Flexibility helps us further break down PROM. Flexibility applies to any human joint, where PROM can refer to any mechanical system. Flexibility depends on the following factors: Joint ROM, Muscle Extensibility, & Neuromuscular control.

 

JOINT ROM, MUSCLE EXTENSIBILITY (ME) & NEUROMUSCULAR (NM) CONTROL

 

  • Joint ROM: In essence, PROM describes Joint ROM, the degrees of rotation allowed by the bony articulations, so what do the other two terms mean?

 

  • ME: A measure of the effect of muscles that cross the joint on the ROM available at the bony articulations. Is it highly extensible, giving it the ability to lengthen and allow for great joint movement? Or not? This applies a muscular layer to our current description of PROM or Joint ROM.

    Muscle extensibility has a passive effect, which is where the nervous system comes into play.

 

  • NM Control: The nervous system gives us our greatest gift, the ability to move. The nervous system has an affect on the muscular components of a joint, and applies an active component to the bony articulations. It is a measure of our AROM.

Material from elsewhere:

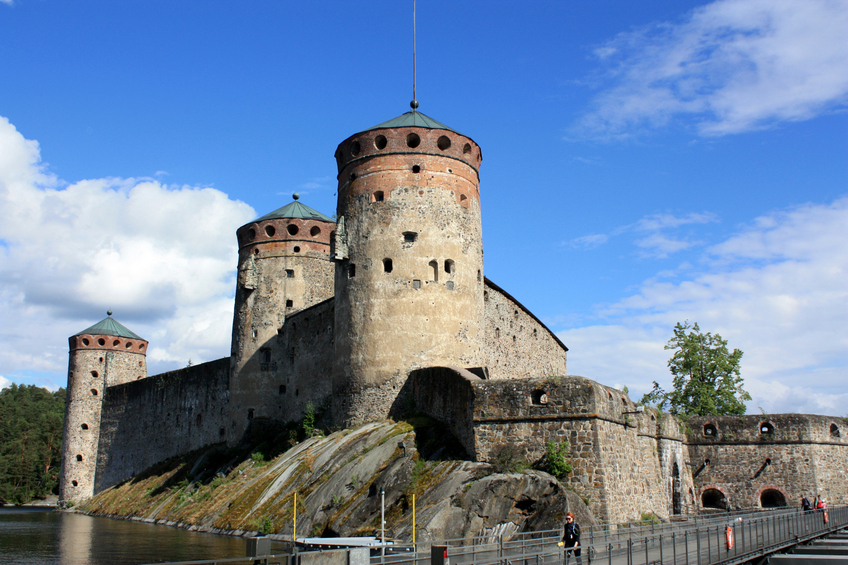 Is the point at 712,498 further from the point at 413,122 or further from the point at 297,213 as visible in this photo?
the point at 297,213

The nervous system processes information taken in through various receptors throughout the body and provides instructions to the muscles to contract a certain way. The end goal being: stability. A system can be referred to as being inherently stable when homeostasis, or the ability to maintain neutral position, is adequate to restore previous function. This poses the question, “What is stable?”
 

“WHAT IS STABLE?”

 

When it comes strictly to bony articulations, stable is a position where the bony structures are balanced against the effects of gravity. As the bones change positions and the forces applied to them change, our bodies depend on two factors to help us maintain stability, or this position of balance.

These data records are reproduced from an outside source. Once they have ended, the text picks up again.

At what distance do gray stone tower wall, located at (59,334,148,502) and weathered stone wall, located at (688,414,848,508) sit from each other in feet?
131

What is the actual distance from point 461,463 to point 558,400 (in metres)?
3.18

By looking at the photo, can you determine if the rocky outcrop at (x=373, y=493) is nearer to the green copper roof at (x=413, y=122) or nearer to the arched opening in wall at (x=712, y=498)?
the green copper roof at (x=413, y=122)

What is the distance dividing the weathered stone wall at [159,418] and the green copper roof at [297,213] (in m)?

  • Active Restraints: Structures that produce and apply force to a joint.
  • Passive Restraints: Structures that don’t inherently produce force, but limit joint ROM due to their structure. Things like ligaments, bony architecture, etc.

 

You see, neuromuscular control affects these active restraints. When we run, forces are applied to the system that must be counteracted. The active restraints perform the bulk of the work here and the nervous system must be effective enough to accomplish a given task

 

The term neuromuscular control has huge implications on our understanding of mobility, in that it demands further information from those who utter it. Are we talking about the active mobility or passive mobility of a joint?

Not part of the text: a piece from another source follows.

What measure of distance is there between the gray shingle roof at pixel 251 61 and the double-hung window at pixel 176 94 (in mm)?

  • If we’re discussing the passive mobility of a joint, we’ve truly only discussing the extensibility of the soft tissue and bony architecture. We’re discussing the passive restraints.
  • If we’re talking about the active mobility of a joint, we are discussing nervous system function. How effective it is in processing information and modulating muscular force application. We’re discussing neuromuscular control.

 

SO WHAT’S OUR TAKEAWAY HERE?
Does the term even have a purpose? I’d argue that we already have defined attributes of joint function. If the definitions laid out in this article are to be accepted, the following statements can be made:

  1. Active mobility and neuromuscular control are synonymous.

  2. Passive mobility is simply a measure of tissue extensibility and bony architecture.

 

I’ve thrown around the term “mobility” countless times, but I’m trying to be more judicious in the way I communicate. These reflections show me that there may be more appropriate ways to describe joint function when talking to clients/patients.

 

At the end of the day, when attempting to create a therapeutic effect or change in performance, it’s important to understand the limiting factor: Should we be focusing on improving neuromuscular control, tissue extensibility, or bony architecture? The answer should greatly influence our method of intervention.